*** Opening of Available records ***

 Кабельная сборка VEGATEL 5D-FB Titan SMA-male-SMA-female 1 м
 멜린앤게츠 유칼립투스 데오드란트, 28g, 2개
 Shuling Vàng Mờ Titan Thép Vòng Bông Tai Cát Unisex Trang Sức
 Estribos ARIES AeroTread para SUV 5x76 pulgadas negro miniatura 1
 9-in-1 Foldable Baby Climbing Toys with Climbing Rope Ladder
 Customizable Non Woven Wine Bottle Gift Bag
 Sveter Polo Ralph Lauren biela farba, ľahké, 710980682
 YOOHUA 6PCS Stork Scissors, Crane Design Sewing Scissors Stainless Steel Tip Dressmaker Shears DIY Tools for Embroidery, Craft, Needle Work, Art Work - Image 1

*** Close of Available records ***
*** Opening of Available records ***

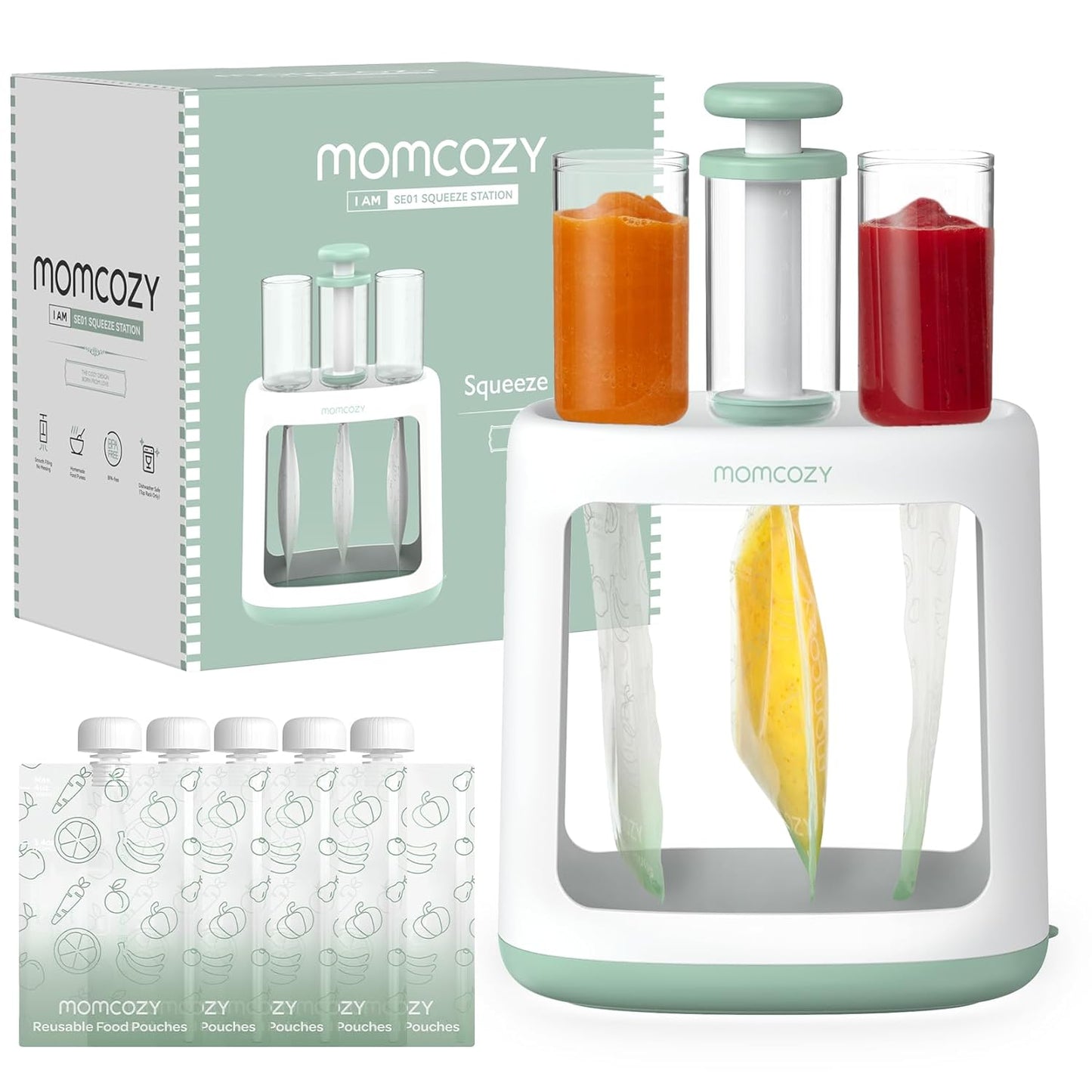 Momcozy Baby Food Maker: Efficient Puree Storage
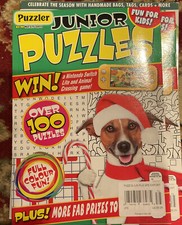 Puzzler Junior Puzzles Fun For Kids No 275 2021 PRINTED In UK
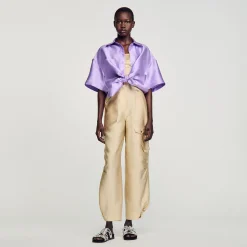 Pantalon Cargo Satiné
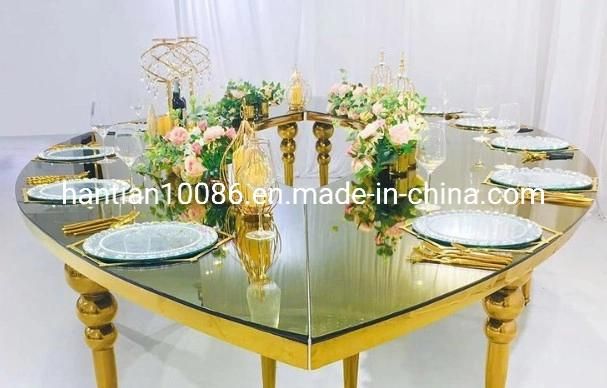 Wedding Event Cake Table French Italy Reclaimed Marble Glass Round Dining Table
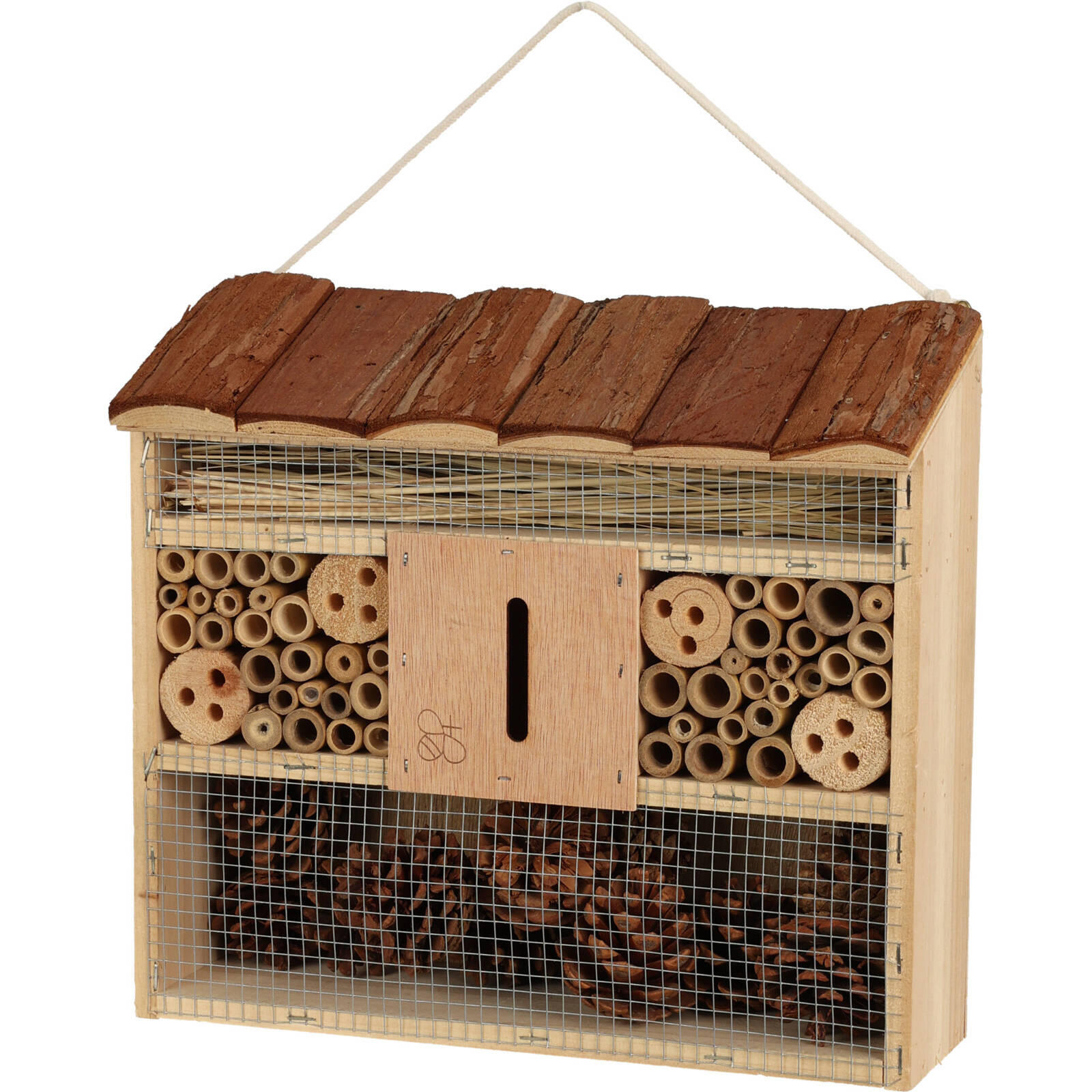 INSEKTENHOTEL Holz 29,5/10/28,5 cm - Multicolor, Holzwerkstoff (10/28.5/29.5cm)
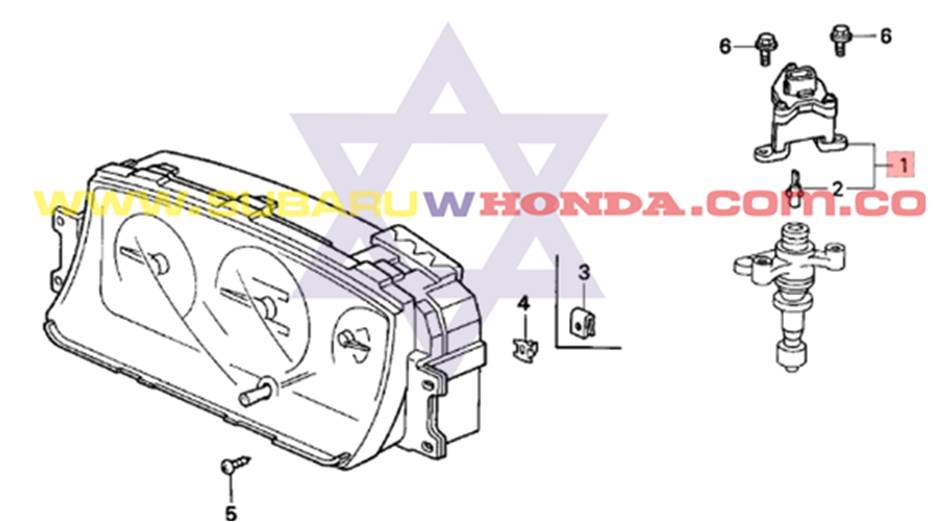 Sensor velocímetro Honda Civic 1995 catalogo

*** Close of Available records ***

Problem to solve
Range to copy from the records above: the line containing "Momcozy Baby Food" to the line containing "Sensor velocímetro Honda Civic 1995 catalogo", both included. Output those lines exactly and only those, skipping pictures.

Task answer
 Momcozy Baby Food Maker: Efficient Puree Storage
 Puzzler Junior Puzzles Fun For Kids No 275 2021 PRINTED In UK
 Pantalon Cargo Satiné
 Wedding Event Cake Table French Italy Reclaimed Marble Glass Round Dining Table
 INSEKTENHOTEL Holz 29,5/10/28,5 cm - Multicolor, Holzwerkstoff (10/28.5/29.5cm)
 Sensor velocímetro Honda Civic 1995 catalogo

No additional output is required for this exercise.